**PROBLEM REQUIREMENTS**. Go through the data and copy every line exactly, but not the images.

**Scraped caption text data**.
▶

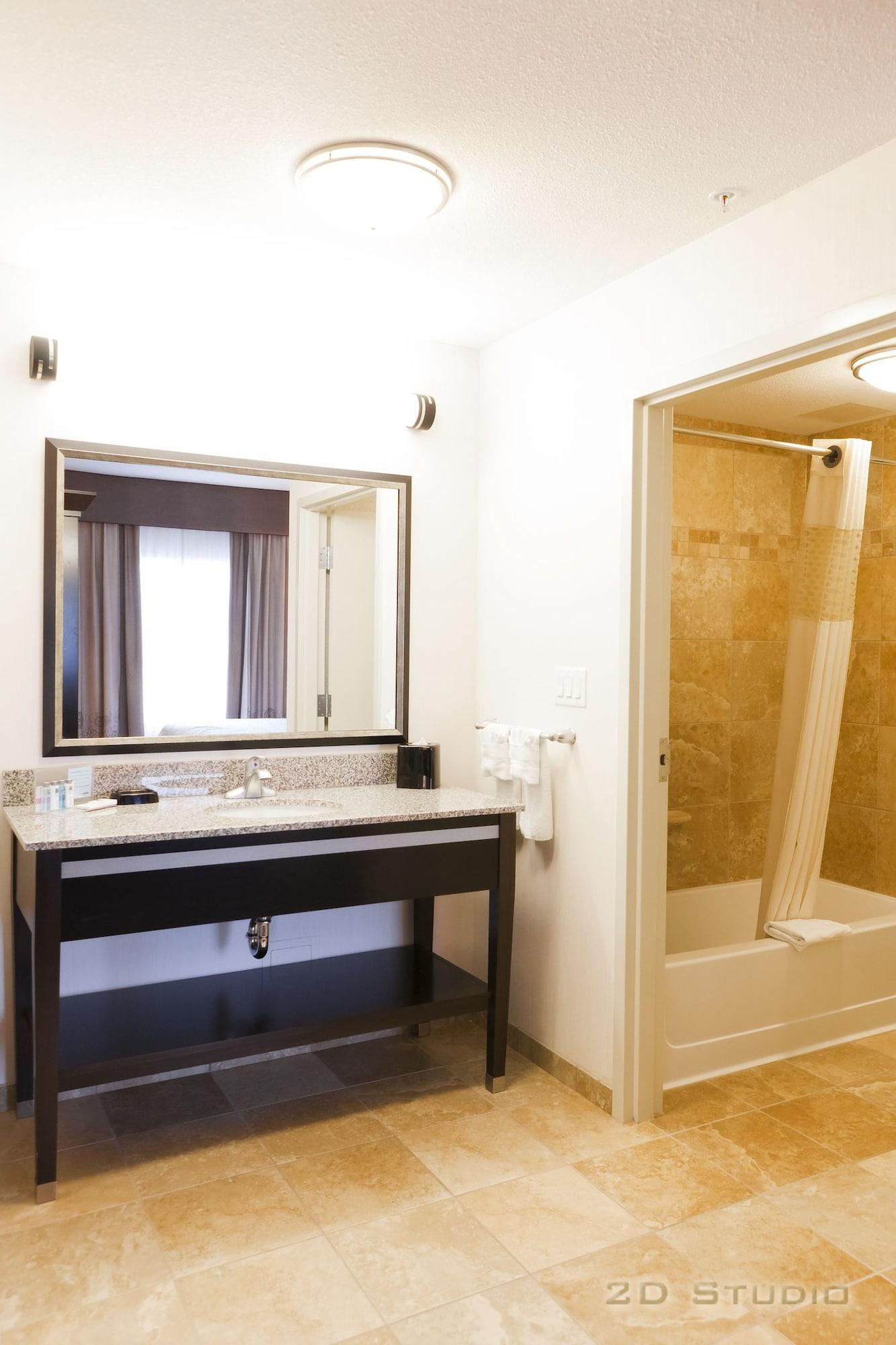 Hampton Inn & Suites By Hilton Lethbridge Buitenkant foto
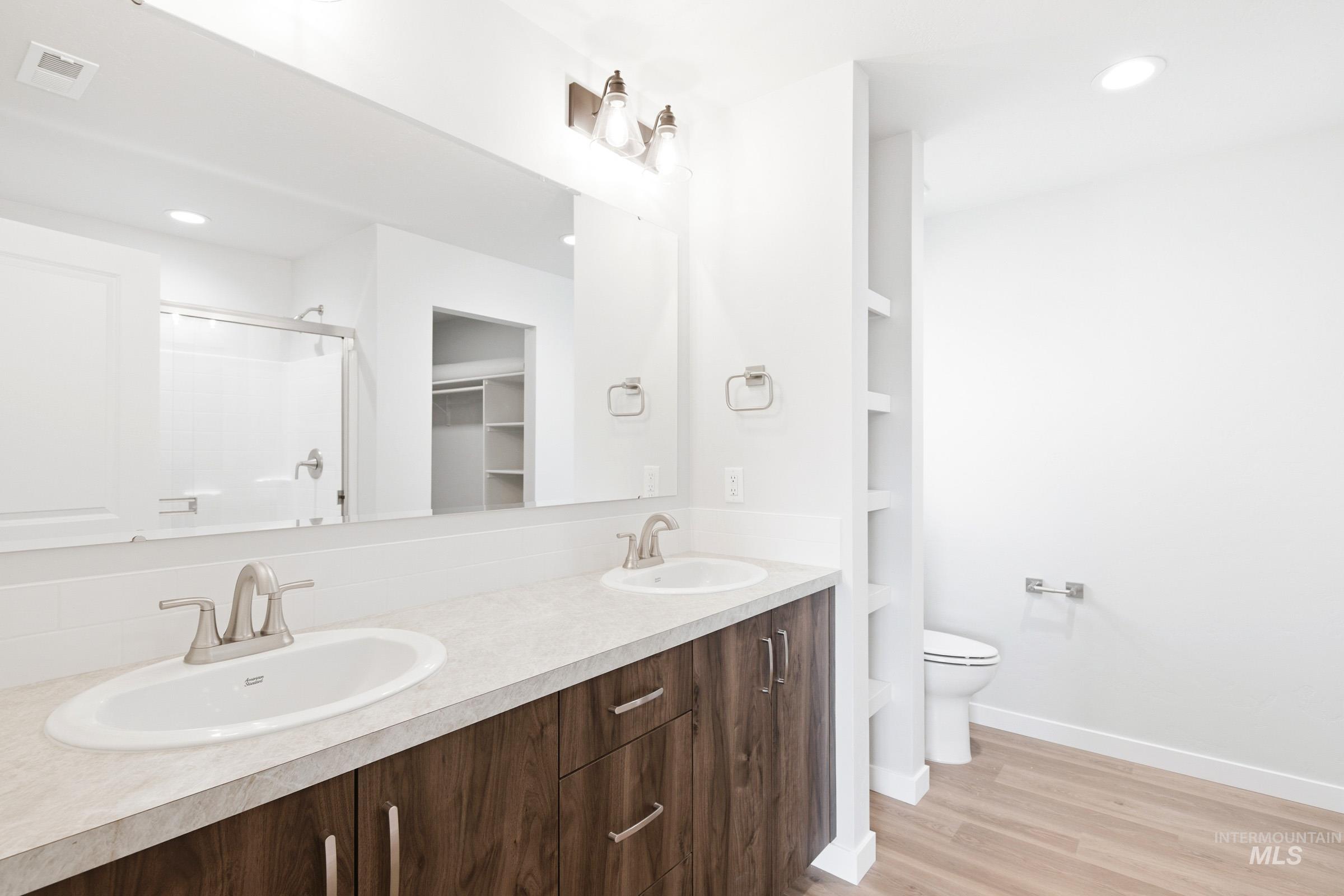 517 Pine St, New Plymouth, Idaho 83655, 4 Bedrooms, 2 Bathrooms, Residential For Sale, Price $424,990, 98978450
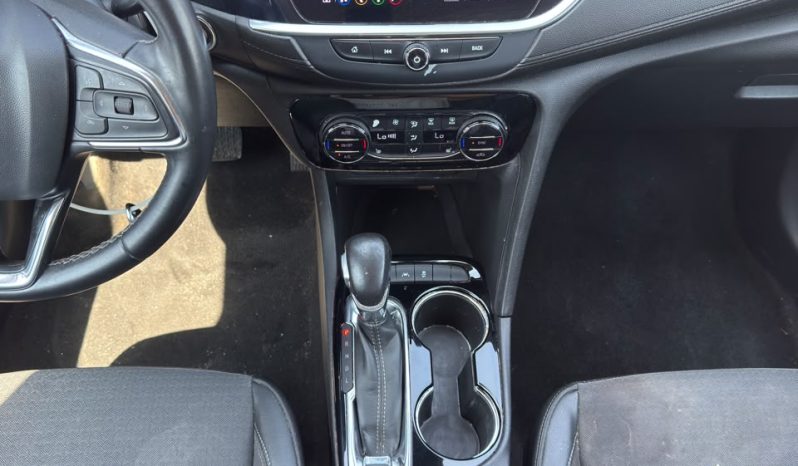
								Buick Encore GX full									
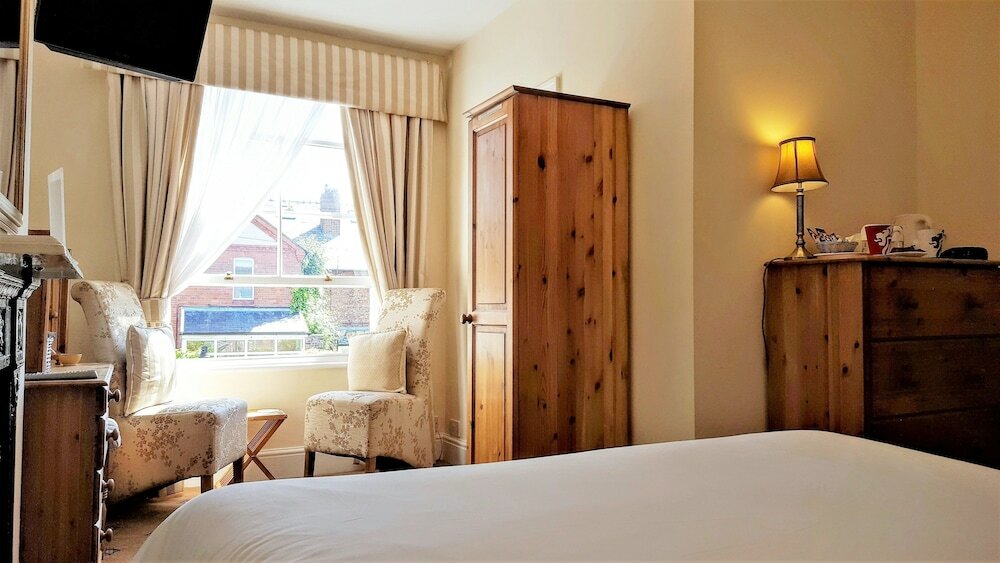 Фото Chester Brooklands B&b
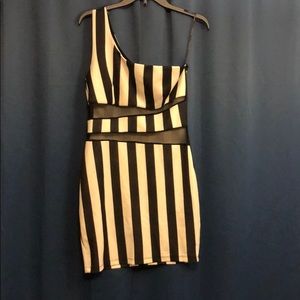 Striped dress (beetlejuice, referee)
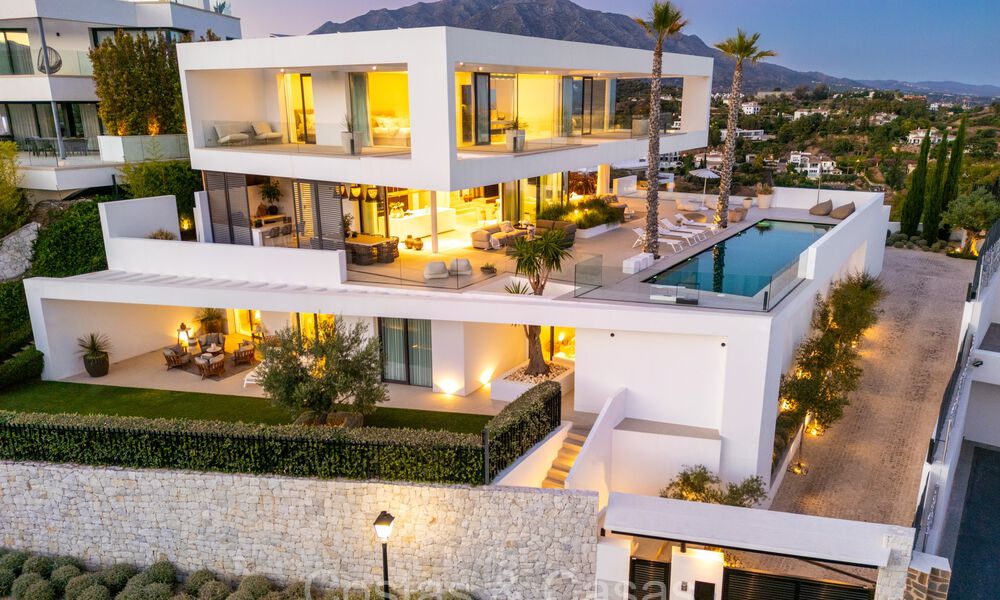 Majestueuze designervilla met geavanceerde architectuur te koop in La Quinta, Benahavis - Marbella 73978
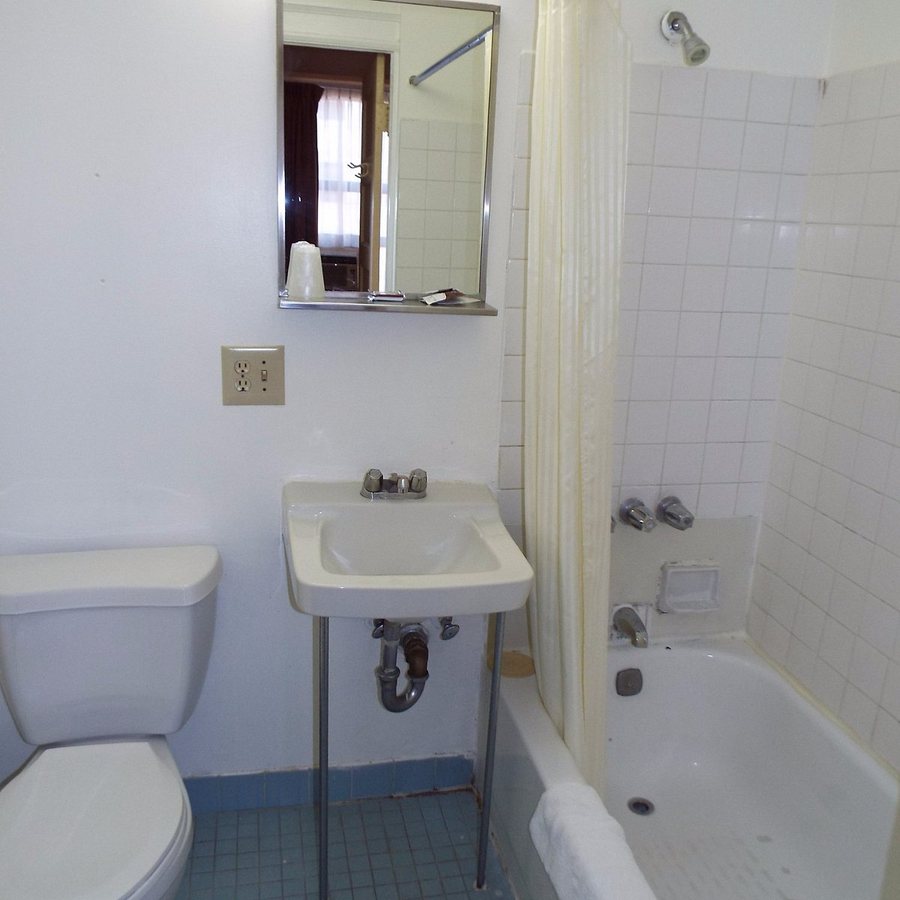 Stillwell Hotel Los Angeles California — Bathroom
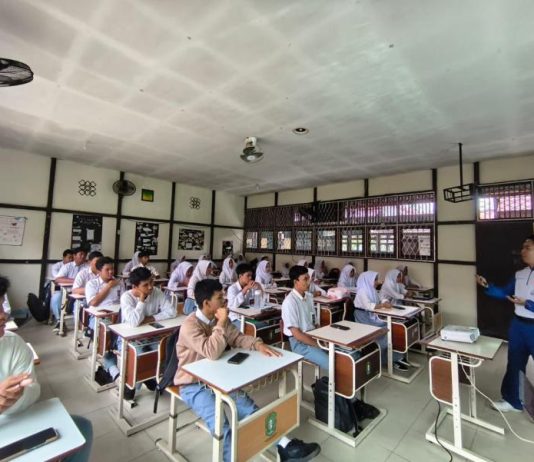 Edukasi Safety Riding Bagian Kampanye Keselamatan Berkendara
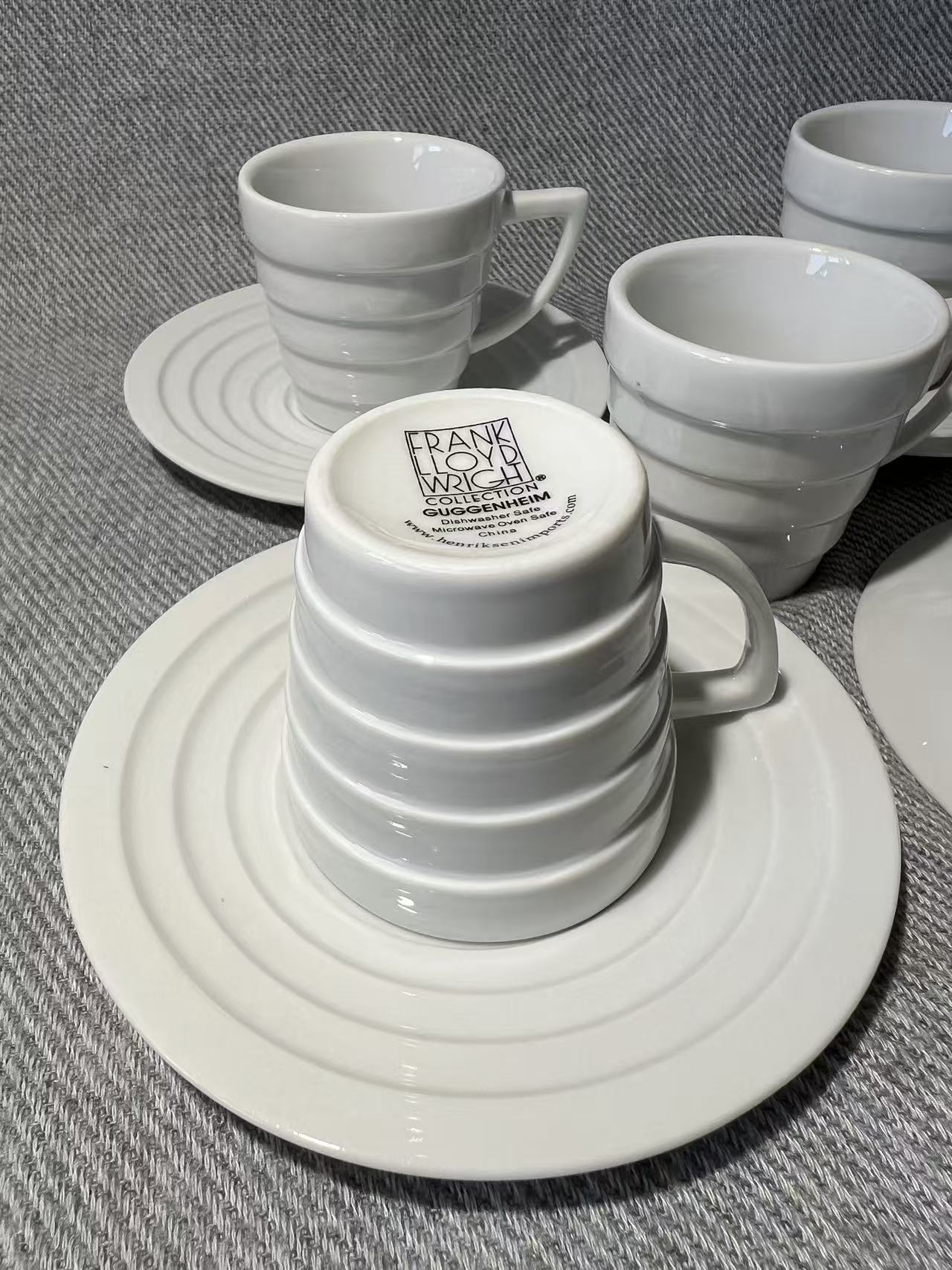 X006 - Frank Lloyd Wright - Guggenheim Spiral Espresso Cup & Saucer x 4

◀

**SOLUTION TO THE PROBLEM**.
 Hampton Inn & Suites By Hilton Lethbridge Buitenkant foto
 517 Pine St, New Plymouth, Idaho 83655, 4 Bedrooms, 2 Bathrooms, Residential For Sale, Price $424,990, 98978450
								Buick Encore GX full									
 Фото Chester Brooklands B&b
 Striped dress (beetlejuice, referee)
 Majestueuze designervilla met geavanceerde architectuur te koop in La Quinta, Benahavis - Marbella 73978
 Stillwell Hotel Los Angeles California — Bathroom
 Edukasi Safety Riding Bagian Kampanye Keselamatan Berkendara
 X006 - Frank Lloyd Wright - Guggenheim Spiral Espresso Cup & Saucer x 4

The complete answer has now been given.